Rather than thinking there is no hope in a given situation, we must reorient our thoughts Godward and ask questions like, “Where is God in my trial?” or “How does God see this situation or circumstance?”

So often we believe we need things or a particular person to make us happy or to fix our circumstances. We must begin to ask ourselves what our true need is as we walk through the valley of suffering. The only answer is that God is enough in every trial and every sorrow.

Lest you think that I speak glibly about this I want to assure you that I have endured severe trials of my own in which I had to practice what I preach! The most difficult part of this is to deny myself the immediate relief that comes with bowing before whatever worthless idol I set up to meet my felt needs. Like everyone else, I have succumbed to pragmatism from time to time. I have sought my own way trying quick fixes just be done with the problems because I believed I could not stand it any longer!
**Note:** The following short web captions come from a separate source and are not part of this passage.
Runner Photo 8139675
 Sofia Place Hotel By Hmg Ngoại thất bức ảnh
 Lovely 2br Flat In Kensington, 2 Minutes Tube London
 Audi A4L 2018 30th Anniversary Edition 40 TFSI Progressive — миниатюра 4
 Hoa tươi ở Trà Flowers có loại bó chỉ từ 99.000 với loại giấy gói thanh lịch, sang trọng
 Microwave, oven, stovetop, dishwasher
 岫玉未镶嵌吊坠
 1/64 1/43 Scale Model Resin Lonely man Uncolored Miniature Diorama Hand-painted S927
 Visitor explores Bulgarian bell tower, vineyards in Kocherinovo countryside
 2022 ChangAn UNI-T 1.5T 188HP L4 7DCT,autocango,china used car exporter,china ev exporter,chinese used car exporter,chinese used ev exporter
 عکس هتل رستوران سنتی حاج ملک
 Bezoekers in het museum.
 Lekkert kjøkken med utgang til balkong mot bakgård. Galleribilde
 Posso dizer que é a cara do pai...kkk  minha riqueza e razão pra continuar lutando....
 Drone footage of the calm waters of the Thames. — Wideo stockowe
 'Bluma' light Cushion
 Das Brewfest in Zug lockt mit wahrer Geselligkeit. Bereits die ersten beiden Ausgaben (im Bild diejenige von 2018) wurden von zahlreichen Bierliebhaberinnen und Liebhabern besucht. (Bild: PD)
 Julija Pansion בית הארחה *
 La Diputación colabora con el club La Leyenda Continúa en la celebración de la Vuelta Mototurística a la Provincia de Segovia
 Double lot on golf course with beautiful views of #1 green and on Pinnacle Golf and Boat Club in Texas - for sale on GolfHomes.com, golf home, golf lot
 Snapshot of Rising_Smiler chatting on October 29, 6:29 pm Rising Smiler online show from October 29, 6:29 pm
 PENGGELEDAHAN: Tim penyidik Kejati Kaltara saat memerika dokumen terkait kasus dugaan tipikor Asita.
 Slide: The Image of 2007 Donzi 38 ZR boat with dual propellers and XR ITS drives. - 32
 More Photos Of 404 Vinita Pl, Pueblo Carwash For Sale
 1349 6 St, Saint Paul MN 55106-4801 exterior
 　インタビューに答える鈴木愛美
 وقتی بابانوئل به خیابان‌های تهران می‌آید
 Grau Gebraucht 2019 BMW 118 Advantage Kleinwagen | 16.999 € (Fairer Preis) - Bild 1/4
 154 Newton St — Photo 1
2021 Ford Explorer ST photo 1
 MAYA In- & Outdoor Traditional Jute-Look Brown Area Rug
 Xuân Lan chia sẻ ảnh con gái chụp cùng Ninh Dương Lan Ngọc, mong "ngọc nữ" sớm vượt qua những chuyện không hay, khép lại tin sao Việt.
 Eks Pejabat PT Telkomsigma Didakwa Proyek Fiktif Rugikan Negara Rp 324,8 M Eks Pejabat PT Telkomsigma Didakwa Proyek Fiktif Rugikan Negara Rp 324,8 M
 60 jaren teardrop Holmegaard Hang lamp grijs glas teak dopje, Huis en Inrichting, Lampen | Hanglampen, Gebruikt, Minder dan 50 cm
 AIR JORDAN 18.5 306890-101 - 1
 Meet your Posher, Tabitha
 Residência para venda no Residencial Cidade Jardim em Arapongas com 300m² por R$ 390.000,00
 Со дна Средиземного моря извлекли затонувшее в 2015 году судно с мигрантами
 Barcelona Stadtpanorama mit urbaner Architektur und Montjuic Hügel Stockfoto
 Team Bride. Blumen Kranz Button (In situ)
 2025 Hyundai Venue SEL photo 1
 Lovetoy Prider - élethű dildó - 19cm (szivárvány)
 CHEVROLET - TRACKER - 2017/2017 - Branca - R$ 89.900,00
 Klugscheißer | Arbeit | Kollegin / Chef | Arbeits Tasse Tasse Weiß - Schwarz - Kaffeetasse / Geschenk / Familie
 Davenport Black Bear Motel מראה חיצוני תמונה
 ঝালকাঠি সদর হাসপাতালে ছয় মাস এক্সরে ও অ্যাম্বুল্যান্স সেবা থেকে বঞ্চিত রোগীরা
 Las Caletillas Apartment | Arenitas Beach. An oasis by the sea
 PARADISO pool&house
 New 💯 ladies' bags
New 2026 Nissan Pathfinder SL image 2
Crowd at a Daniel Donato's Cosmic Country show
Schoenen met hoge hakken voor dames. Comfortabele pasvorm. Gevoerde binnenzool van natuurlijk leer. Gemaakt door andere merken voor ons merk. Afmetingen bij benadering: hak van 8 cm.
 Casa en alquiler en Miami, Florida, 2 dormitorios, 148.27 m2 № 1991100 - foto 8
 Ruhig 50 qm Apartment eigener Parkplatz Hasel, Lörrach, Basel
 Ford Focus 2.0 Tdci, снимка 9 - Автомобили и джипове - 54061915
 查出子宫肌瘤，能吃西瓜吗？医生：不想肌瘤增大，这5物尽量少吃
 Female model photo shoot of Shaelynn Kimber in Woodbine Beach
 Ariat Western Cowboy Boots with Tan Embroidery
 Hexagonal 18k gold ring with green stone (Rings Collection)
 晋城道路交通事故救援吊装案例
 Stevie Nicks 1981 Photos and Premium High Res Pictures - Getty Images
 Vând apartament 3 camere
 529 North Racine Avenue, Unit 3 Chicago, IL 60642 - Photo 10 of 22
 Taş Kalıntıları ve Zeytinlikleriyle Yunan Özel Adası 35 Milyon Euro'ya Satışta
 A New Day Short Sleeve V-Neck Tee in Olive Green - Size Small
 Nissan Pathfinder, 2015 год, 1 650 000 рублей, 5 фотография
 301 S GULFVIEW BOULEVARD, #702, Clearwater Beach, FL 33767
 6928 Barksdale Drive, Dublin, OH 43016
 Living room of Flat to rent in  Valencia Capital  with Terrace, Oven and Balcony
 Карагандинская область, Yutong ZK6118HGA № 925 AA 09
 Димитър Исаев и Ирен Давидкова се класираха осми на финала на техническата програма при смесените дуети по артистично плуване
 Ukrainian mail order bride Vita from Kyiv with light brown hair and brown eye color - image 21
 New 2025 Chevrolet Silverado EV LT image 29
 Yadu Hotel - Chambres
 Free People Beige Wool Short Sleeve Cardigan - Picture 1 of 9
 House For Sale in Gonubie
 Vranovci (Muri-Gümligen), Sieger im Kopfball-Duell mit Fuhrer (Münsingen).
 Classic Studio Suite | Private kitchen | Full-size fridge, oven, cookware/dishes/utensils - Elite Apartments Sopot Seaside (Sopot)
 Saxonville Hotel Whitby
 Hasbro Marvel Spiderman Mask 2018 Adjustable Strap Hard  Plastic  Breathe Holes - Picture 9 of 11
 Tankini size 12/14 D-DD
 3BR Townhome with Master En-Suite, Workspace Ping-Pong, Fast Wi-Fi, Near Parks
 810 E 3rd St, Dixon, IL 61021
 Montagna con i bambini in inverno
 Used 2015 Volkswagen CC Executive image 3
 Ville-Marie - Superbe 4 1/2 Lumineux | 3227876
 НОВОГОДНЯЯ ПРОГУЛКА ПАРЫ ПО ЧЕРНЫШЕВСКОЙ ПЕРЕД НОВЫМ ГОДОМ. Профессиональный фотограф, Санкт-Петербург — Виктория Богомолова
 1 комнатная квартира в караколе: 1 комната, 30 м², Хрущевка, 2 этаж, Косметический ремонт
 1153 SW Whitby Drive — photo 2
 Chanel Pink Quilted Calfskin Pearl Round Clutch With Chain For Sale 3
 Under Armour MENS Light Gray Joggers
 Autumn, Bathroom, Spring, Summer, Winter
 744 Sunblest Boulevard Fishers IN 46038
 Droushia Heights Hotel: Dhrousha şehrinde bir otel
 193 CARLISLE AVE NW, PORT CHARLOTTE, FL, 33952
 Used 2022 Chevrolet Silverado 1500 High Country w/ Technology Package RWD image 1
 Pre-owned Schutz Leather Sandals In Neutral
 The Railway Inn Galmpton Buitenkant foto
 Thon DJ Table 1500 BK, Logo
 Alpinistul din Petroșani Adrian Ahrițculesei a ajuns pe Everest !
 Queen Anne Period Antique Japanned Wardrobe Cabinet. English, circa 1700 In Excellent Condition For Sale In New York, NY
All that resulted from those attempts at circumventing the lessons in God’s classroom was a return trip at a later date and time. God intends that we build character in these valleys, and that we experience growth in character and Christ-likeness as a result of the lessons learned. He also is imparting wisdom and discernment to us along the way.

This is the reason we have to begin with the right questions that are centered around God and His Word. To begin anywhere else will bring us to the wrong conclusions and lead us off-course.